Action item.
Without the pictures, print each of the records below exactly as it appears.

Dataset.
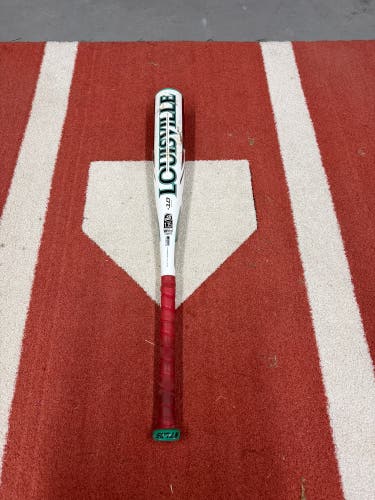 2025 Louisville Slugger Atlas Alloy USSSA Certified Bat (-10) 17 oz 27" (Used)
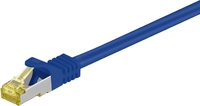 MicroConnect CAT 7S/FTP RJ45 ALBASTRU 1m (SFTP701B)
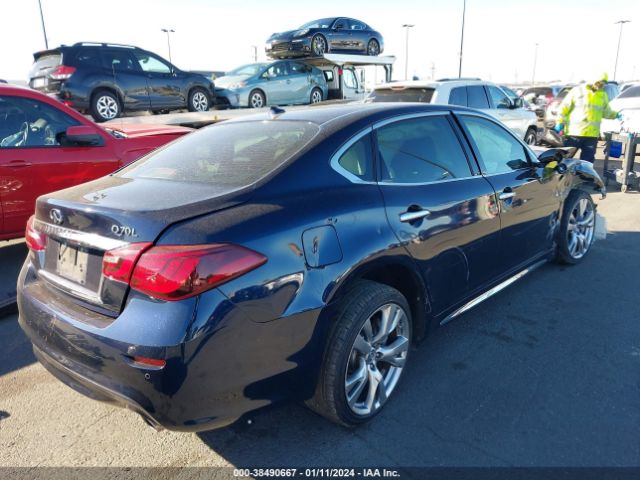 Photo 3 VIN: JN1BY1PP3GM630143 - INFINITI Q70L 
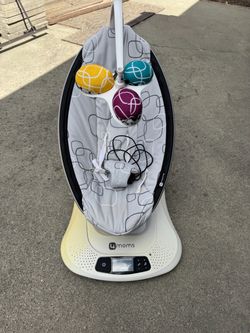 4moms mamaroo baby swing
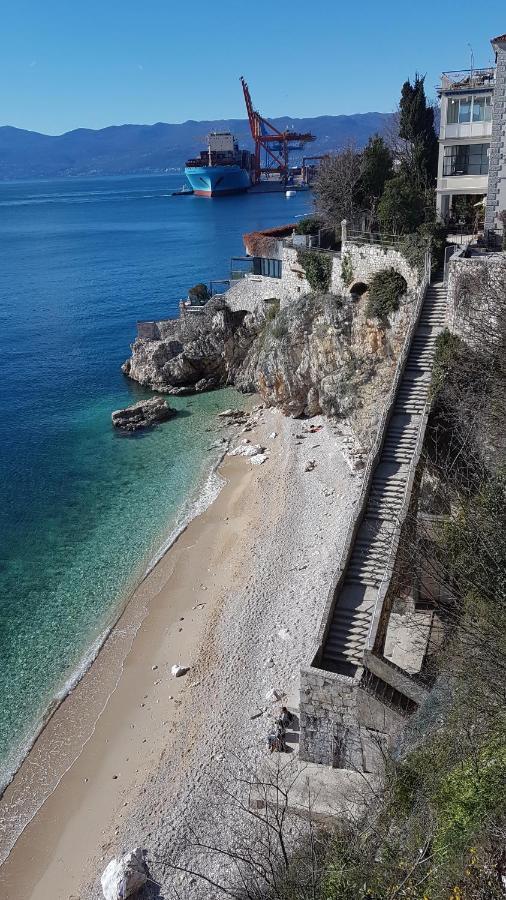 Apartman Mami-Krok Rijeka Extérieur photo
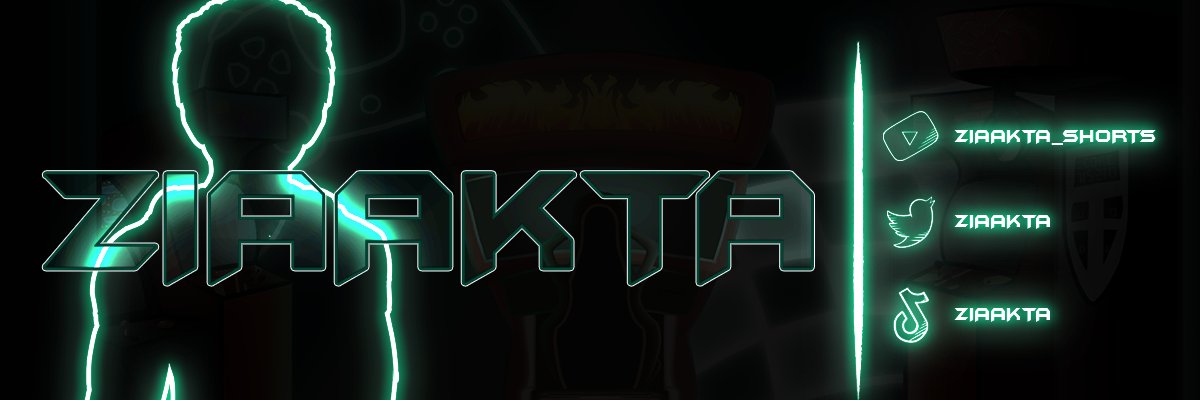 ziaakta's profile banner image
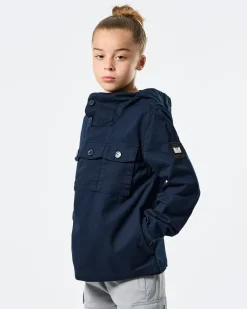 Kids Kovags Over-Top Navy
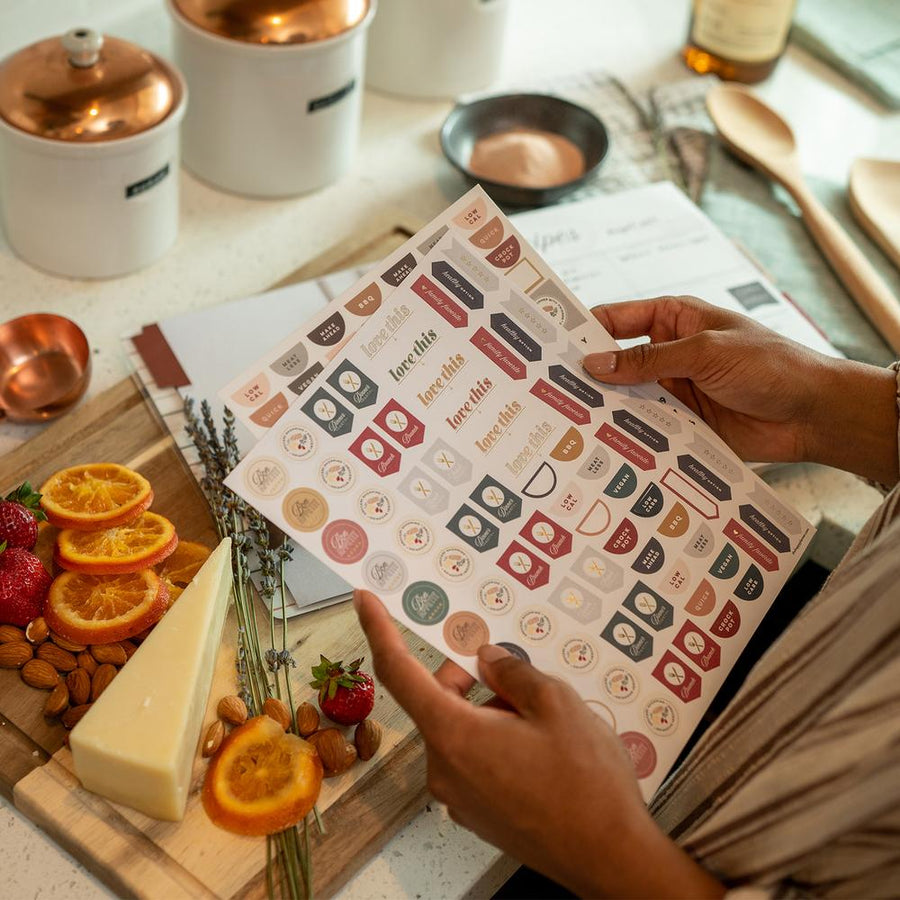 Southern Farmhouse Classic Meal Planning Extension Pack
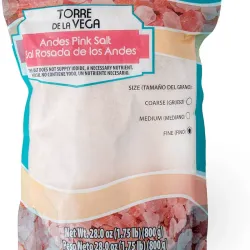 Sal Rosada de los Andes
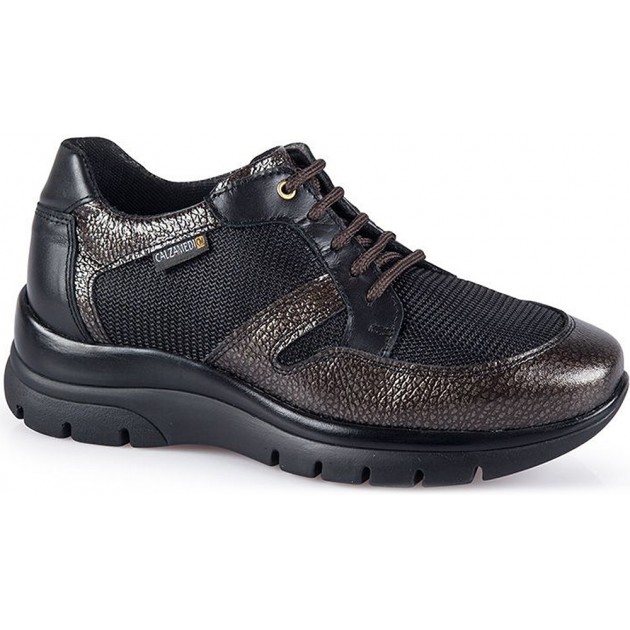 CALZAMEDI 0774 SPECIALE DIABETISCHE SCHOEN NEGRO CALZAMEDI 0774 SPECIALE DIABETISCHE SCHOEN NEGRO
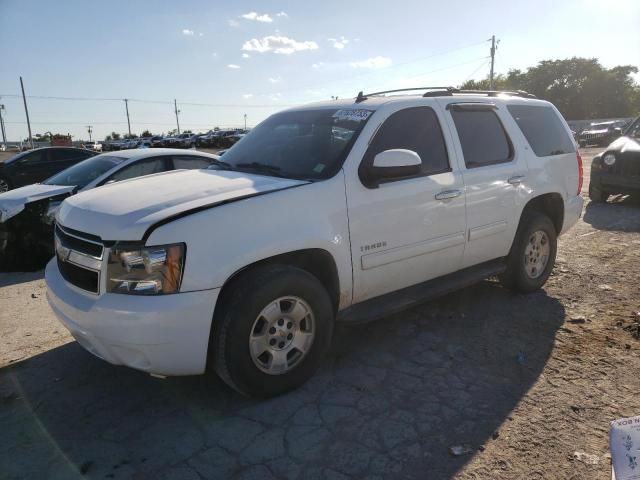 2012 Chevrolet Tahoe C1500 LT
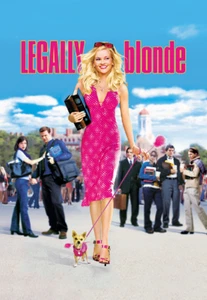 "Magnete fotografico legalmente biondo reese witherspoon @ 3"x5" - Foto 1 di 3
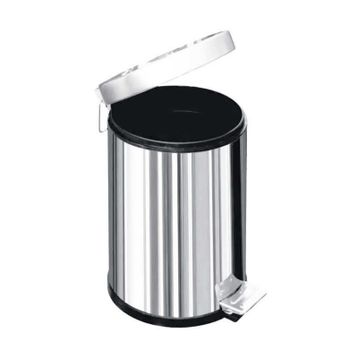 Arı Metal A1003 Pedallı Çöp Kovası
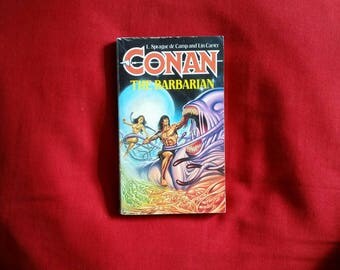 Conan the Barbarian by L. Sprague de Camp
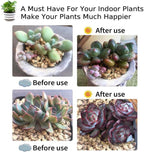 Greenhaus Gardening Clip Grow Light for Indoor Plants with 60 LEDs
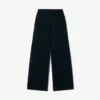 Pantaloni da jogging in lana infeltrita Runway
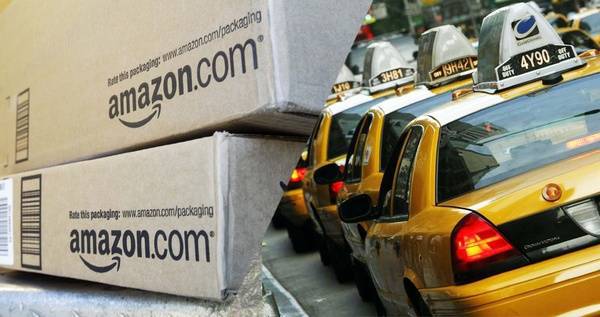 Amazon позволит своим клиентам заработать на доставке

Answer.
 2025 Louisville Slugger Atlas Alloy USSSA Certified Bat (-10) 17 oz 27" (Used)
 MicroConnect CAT 7S/FTP RJ45 ALBASTRU 1m (SFTP701B)
 Photo 3 VIN: JN1BY1PP3GM630143 - INFINITI Q70L 
 4moms mamaroo baby swing
 Apartman Mami-Krok Rijeka Extérieur photo
 ziaakta's profile banner image
 Kids Kovags Over-Top Navy
 Southern Farmhouse Classic Meal Planning Extension Pack
 Sal Rosada de los Andes
 CALZAMEDI 0774 SPECIALE DIABETISCHE SCHOEN NEGRO CALZAMEDI 0774 SPECIALE DIABETISCHE SCHOEN NEGRO
 2012 Chevrolet Tahoe C1500 LT
 "Magnete fotografico legalmente biondo reese witherspoon @ 3"x5" - Foto 1 di 3
 Arı Metal A1003 Pedallı Çöp Kovası
 Conan the Barbarian by L. Sprague de Camp
 Greenhaus Gardening Clip Grow Light for Indoor Plants with 60 LEDs
 Pantaloni da jogging in lana infeltrita Runway
 Amazon позволит своим клиентам заработать на доставке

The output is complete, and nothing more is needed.